I didn't see it mentioned, but I would work on "stay", too. Steadiness is pretty important in the hunt games!


----------



## Swampcollie (Sep 6, 2007)

At 14 to 16 weeks I'm usually working on teaching sit, here and heel as well as introducing the whistle for those commands. When "Sit" gets established, you can begin to introduce casting in the yard. 

Marks should be singles in areas without a lot of distraction. Use a check cord to ensure compliance with obedience commands. Don't demand complete steadiness from the pup at this point. You want to build the pups' desire to make the retrieve. If the pups butt stays on the ground long enough to see the fall it's steady enough at this point. (We'll demand absolute steadiness after OB is formalized.)

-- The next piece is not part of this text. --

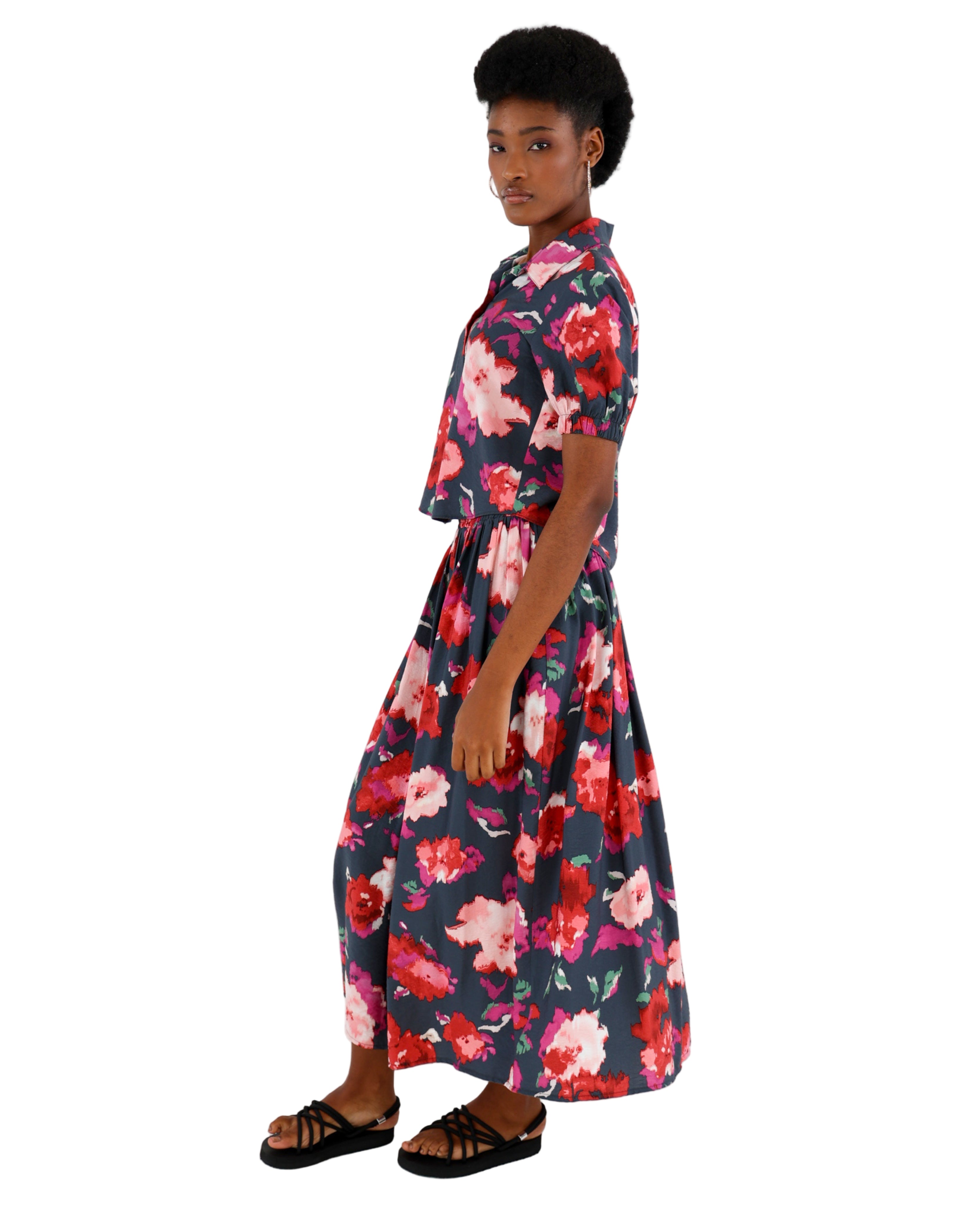Floral Print Flared Maxi Skirt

It's getting time to seek a helper (or pick up a remote launcher/winger) to throw marks for the pup so you can extend the distance as the pup progresses.


----------



## sterregold (Dec 9, 2009)

Lots of things you can do--it is mostly socialization and positive association building at this point anyhow. We are having a miserable rainy day here so Bonnie will be learning inside today!

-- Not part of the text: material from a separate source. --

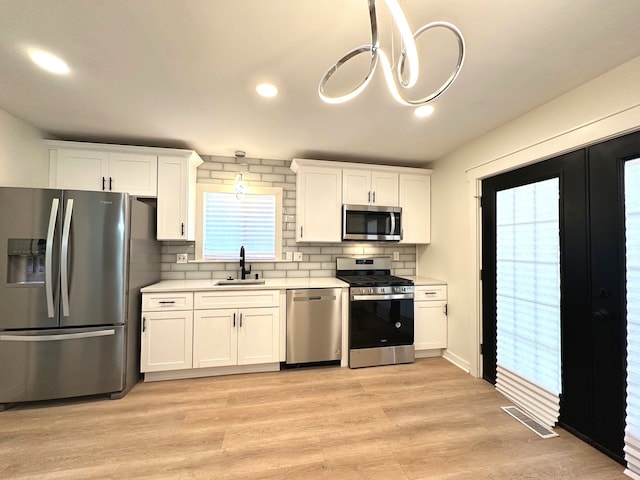 kitchen featuring backsplash, sink, light hardwood / wood-style flooring, white cabinetry, and stainless steel appliances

See if there is a paint roller in the utility room/workshop at your folks, or else visit the hardware store tomorrow. They are cheap, excellent retrieval items for youngsters and encourage good mouth habits. Pups generally like them and pick them up by the middle. You can do hand thrown marks in a hallway with these.

Go for walks and let him experience a variety of natural elements so he gets confident with them--leaves, sticks, logs, rocks, ditches....

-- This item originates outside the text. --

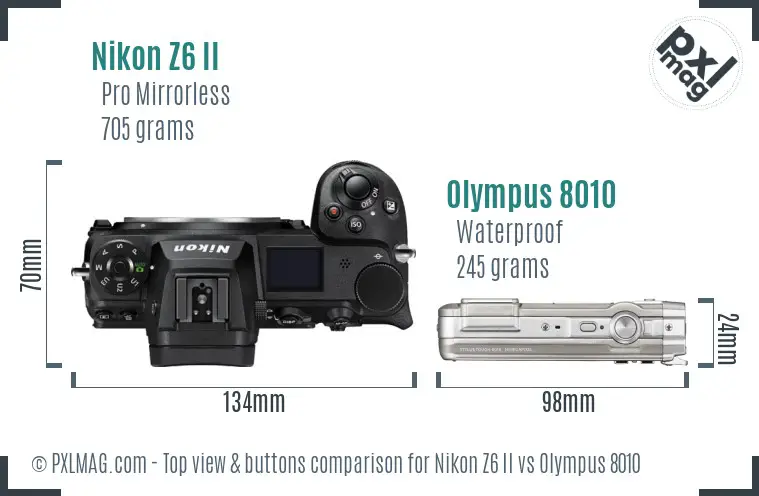 Nikon Z6 II vs Olympus 8010 top view buttons comparison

Do short, reward-based obedience sessions working on skills like here, sit, down, heel, kennel-up and wait. Remember keep it short and fun.

An excellent inside game for yucky days is food-bowl casting. Sit the pup in front of you (facing you like a whistle sit position), and have a helper set down a little bowl with a couple of kibbles in it. They can rattle it so that the pup knows there is something in it, or have the pup watch as they put the treat in. Then give pup an over cast to the bowl. Don't know how well it transfers over to handling eventually, but pups enjoy it and quite a few of my friends now do it with their pups. Bonnie has a pretty good sit now, so I make her wait and watch while I set it out and then return in front of her to cast. 

Little games can really stick with them in skills development. My obedience trainer teaches a scent discrimination game in her puppy classes with pups as young as 10 weeks old. I do not personally go far with obedience (there is only so much time!) but some of my friends for whom it is the primary activity swear their dogs pick up the articles exercise for utility sooo much faster because of it.


----------